EXTRACTED MATERIAL:
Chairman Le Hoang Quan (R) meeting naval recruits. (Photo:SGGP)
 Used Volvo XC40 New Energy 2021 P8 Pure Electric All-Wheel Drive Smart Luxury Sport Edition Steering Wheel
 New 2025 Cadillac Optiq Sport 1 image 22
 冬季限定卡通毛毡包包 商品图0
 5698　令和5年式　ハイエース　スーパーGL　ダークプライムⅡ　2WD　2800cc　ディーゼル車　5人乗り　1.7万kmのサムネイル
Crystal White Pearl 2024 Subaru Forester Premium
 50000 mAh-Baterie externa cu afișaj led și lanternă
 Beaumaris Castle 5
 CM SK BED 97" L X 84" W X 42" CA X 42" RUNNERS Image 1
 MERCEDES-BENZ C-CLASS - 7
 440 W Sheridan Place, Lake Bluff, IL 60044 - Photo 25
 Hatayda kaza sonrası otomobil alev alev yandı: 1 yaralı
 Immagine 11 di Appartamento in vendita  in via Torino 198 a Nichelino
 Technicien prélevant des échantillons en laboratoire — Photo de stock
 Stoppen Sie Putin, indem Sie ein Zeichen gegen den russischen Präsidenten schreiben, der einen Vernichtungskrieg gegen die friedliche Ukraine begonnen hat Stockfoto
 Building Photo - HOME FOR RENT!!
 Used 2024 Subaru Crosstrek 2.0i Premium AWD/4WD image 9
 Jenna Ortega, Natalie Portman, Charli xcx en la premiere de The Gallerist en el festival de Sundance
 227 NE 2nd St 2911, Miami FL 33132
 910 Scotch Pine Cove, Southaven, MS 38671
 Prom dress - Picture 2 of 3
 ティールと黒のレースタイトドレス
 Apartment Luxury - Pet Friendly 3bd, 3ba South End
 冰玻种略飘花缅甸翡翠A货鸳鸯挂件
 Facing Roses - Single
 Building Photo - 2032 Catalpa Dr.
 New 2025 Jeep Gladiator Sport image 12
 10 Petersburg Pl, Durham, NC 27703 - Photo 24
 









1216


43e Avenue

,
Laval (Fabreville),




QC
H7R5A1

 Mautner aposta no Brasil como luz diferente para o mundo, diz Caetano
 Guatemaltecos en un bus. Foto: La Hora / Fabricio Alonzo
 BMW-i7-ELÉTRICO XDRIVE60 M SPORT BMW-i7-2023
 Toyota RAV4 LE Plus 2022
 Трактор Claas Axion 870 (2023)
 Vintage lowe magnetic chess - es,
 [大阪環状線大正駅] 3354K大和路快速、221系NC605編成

WHAT TO PRODUCE: Copy out every line from the material above in which the word "Building" appears.

ANSWER BOX:
 Building Photo - HOME FOR RENT!!
 Building Photo - 2032 Catalpa Dr.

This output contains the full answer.